- [What the task asks]:
Beginning at the line that contains "Nowa nakładka asfaltowa na drodze w Ludyni.", transcribe every line up to the last one in the material below. Include no other lines.

- [Data to use]:
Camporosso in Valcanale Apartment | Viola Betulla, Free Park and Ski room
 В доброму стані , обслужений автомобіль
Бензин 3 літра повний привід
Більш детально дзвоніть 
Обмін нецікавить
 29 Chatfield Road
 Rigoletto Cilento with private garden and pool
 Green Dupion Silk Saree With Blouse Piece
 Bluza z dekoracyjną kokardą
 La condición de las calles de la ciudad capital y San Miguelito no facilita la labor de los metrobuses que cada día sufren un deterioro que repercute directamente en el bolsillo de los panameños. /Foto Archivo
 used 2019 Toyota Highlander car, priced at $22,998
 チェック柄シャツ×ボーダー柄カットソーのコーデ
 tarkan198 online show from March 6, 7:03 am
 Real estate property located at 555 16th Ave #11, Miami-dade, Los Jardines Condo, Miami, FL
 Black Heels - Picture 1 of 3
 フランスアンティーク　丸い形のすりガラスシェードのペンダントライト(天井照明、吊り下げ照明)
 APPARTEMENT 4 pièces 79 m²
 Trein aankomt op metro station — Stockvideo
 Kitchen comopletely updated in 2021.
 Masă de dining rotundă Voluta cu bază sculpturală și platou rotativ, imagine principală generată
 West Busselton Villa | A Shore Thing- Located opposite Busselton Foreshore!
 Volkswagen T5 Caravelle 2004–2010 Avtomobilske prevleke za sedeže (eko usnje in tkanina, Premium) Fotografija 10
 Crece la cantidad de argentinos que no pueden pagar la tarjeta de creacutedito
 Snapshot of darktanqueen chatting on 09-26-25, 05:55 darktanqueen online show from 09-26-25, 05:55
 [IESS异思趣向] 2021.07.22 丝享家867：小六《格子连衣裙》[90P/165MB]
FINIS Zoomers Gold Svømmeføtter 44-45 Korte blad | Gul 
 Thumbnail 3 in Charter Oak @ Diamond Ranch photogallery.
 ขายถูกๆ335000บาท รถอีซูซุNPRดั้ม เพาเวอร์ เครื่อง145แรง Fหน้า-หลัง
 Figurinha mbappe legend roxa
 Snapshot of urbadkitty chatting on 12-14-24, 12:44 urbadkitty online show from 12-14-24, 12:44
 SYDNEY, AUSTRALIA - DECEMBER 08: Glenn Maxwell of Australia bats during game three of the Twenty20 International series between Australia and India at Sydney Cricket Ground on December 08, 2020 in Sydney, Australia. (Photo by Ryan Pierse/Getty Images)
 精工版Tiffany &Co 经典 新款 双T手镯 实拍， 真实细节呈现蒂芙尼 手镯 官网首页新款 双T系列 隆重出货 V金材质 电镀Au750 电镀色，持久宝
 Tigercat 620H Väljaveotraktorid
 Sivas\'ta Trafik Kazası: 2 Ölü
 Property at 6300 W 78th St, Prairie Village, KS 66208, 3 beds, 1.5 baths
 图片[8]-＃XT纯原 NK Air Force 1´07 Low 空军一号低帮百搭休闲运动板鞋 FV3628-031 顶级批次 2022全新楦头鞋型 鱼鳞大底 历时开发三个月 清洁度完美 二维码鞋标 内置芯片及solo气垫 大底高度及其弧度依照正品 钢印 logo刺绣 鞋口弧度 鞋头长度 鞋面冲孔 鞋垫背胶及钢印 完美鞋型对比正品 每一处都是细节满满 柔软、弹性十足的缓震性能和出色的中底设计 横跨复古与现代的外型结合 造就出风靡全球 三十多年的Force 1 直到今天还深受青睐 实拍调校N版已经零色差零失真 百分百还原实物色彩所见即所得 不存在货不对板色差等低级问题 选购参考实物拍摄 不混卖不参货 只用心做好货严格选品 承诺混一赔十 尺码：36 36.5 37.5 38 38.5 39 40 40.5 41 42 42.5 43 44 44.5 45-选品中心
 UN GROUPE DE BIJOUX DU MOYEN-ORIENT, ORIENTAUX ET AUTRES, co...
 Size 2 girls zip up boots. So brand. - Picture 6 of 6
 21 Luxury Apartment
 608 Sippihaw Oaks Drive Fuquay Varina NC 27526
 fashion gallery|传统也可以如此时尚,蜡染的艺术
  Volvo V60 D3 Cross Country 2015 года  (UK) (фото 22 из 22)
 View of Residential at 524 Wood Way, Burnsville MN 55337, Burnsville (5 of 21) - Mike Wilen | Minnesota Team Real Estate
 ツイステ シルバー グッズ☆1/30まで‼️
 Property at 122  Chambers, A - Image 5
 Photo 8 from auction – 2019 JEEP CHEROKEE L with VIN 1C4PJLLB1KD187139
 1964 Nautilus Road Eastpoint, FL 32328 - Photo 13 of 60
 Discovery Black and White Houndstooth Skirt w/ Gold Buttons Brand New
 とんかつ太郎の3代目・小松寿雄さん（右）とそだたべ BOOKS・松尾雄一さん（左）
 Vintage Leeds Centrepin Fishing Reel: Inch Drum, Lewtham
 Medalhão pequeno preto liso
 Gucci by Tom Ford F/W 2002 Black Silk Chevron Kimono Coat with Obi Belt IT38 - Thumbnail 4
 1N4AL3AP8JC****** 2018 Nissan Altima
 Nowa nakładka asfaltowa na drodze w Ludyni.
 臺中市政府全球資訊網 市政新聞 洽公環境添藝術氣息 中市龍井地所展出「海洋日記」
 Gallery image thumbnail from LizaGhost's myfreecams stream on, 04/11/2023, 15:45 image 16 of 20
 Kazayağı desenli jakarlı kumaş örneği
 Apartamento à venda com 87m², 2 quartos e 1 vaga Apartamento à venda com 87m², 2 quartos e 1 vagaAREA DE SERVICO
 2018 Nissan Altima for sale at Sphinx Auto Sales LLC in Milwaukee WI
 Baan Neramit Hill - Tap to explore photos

- [Written solution]:
 Nowa nakładka asfaltowa na drodze w Ludyni.
 臺中市政府全球資訊網 市政新聞 洽公環境添藝術氣息 中市龍井地所展出「海洋日記」
 Gallery image thumbnail from LizaGhost's myfreecams stream on, 04/11/2023, 15:45 image 16 of 20
 Kazayağı desenli jakarlı kumaş örneği
 Apartamento à venda com 87m², 2 quartos e 1 vaga Apartamento à venda com 87m², 2 quartos e 1 vagaAREA DE SERVICO
 2018 Nissan Altima for sale at Sphinx Auto Sales LLC in Milwaukee WI
 Baan Neramit Hill - Tap to explore photos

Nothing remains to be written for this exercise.